2) As part of MEIP’s strategic alternatives process, they did evaluate a liquidation, from the S-4 (6/2/23):
Liquidation Value
The pro forma DCF analyses imply a significant premium to both MEI’s standalone DCF valuation range and current trading price. Torreya also compared the implied value of MEI as presented in the pro forma DCF analyses to the estimated liquidation value of MEI. To calculate the liquidation value, management provided its best estimate for the cash available to shareholders upon a hypothetical liquidation. Based on discussions with management, a hypothetical liquidation could occur in the second quarter of 2023, and after paying all wind-down obligations, a fully wound-down MEI entity would be left with $82.8 million of available cash. This would imply a liquidation value of $0.62 per share. Given that the pro forma DCF represents a significant premium of up to 134% to the liquidation value, and up to 52% in the scenarios with required equity fundraising, Torreya believes the DCF supports their opinion that the exchange ratio is fair to MEI shareholders.
That analysis was pre-reverse split, post-split the liquidation value per share would be $12.40. Similar to MGTA, the liquidation analysis assumes an unrealistic scenario where the company could be wrapped up within a few months with minimal expenses.
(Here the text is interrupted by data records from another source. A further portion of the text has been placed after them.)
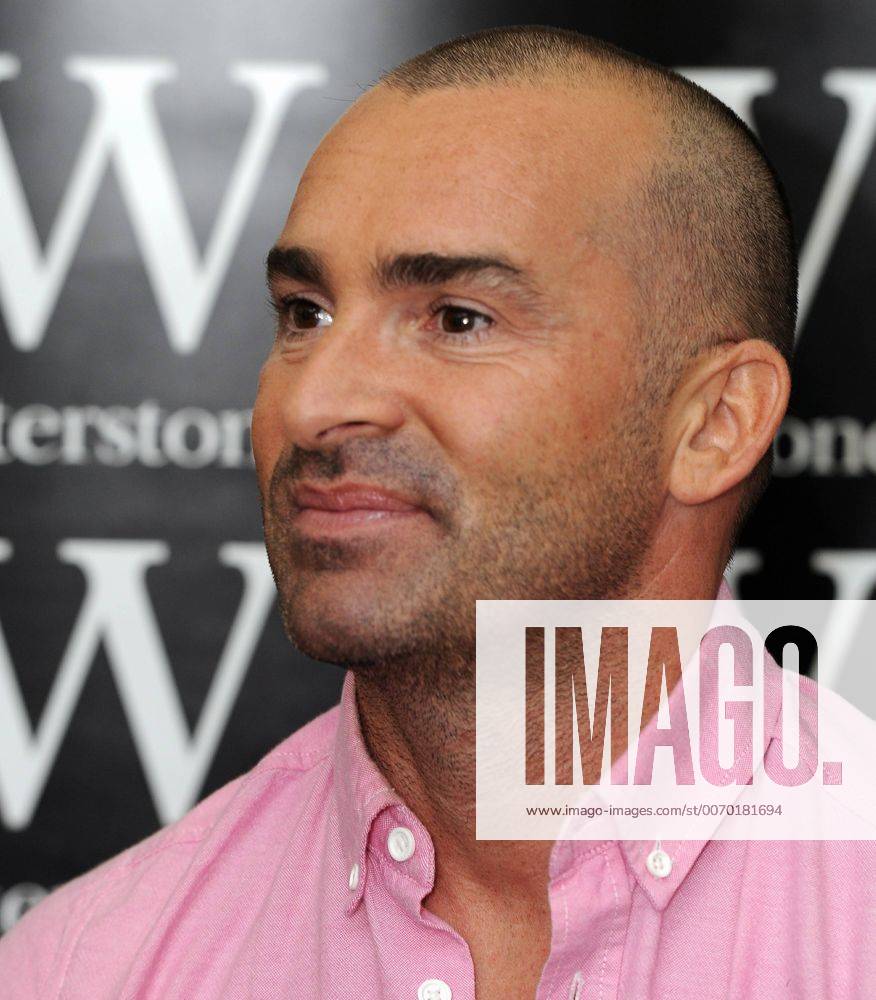 Oct. 16, 2011 Bluewater,Greenhithe, Kent, UK Bluewater, UK. Louie Spence from Pineapple Dance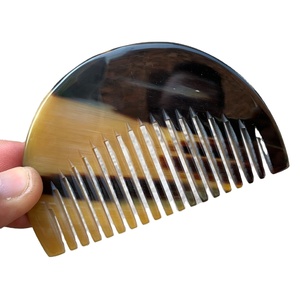 Peigne en corne de buffle naturelle sculpté à la main, de haute qualité, personnalisé, pour coiffer les cheveux, écologique, fabriqué à la main en Inde - Product Image 1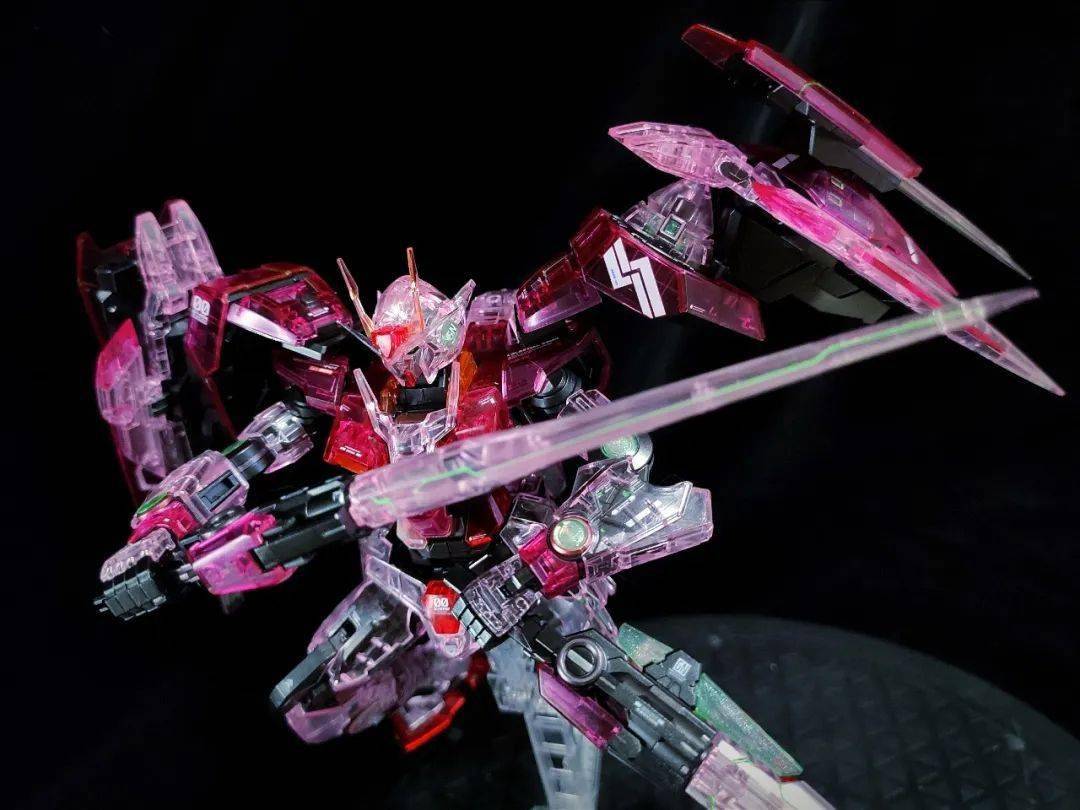 闪光的石榴石:mg三红彩透00r制作_公众_荧光_来稿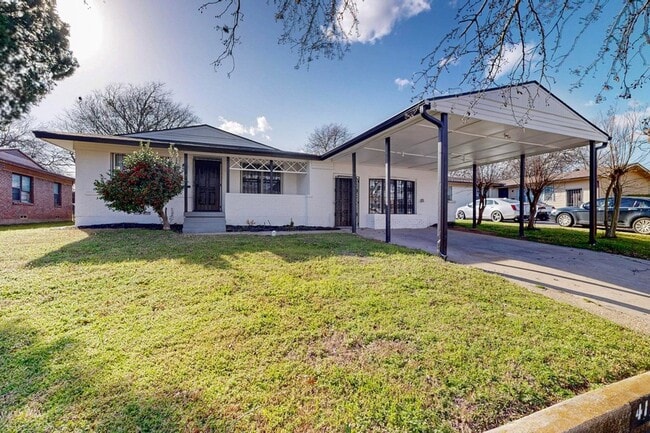 Photo - 4109 Fortune Ln House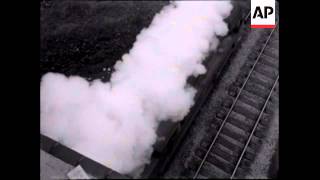 Download lagu TRAINS - B/W - NO SOUND mp3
A more realistic scenario is as follows:
To be a bit conservative, I’m using the minimum net cash amount required if the deal closed in July of $78MM. This is likely too low, management’s projected (versus the minimum to close the deal) net cash level as of 6/30 was $92.8MM, but MEIP is spending money on this merger and fighting off the activists, makes sense to be a little conservative. And then MEIP would escrow $10MM for any contingencies and still be able to make an initial distribution of $10+, well above where the shares trade today. I bought shares recently.
The biggest risk I see, even if the deal breaks and the activist group fails to remove the board, MEI Pharma could continue on with their two phase 1 product candidates while burning cash.
Other thoughts:
- Infinity Pharmaceuticals (INFI) on a break might be interesting in a very speculative way. The company doesn’t have any real debt the liabilities, the related to sale of future royalties line item on the balance sheet is only payable on the receipt of any royalties to assets they’ve previously sold (and aren’t Eganelisib). Even in a potentially conflicted sale, MEIP did assign significantly more value to INFI’s IP than the market.
- Daniel Gold stepped down as CEO on 6/2 and was replaced by former General Counsel and COO David Urso, probably a non-event as INFI management would take over the reigns, but shows a little lack of confidence in seeing the deal through to completion.
- Another probably nothing-burger, but MEIP and INFI do share a board member, Sujay Kango who orchestrated the original meeting between the two companies, he then excused himself according the background section in the S-4.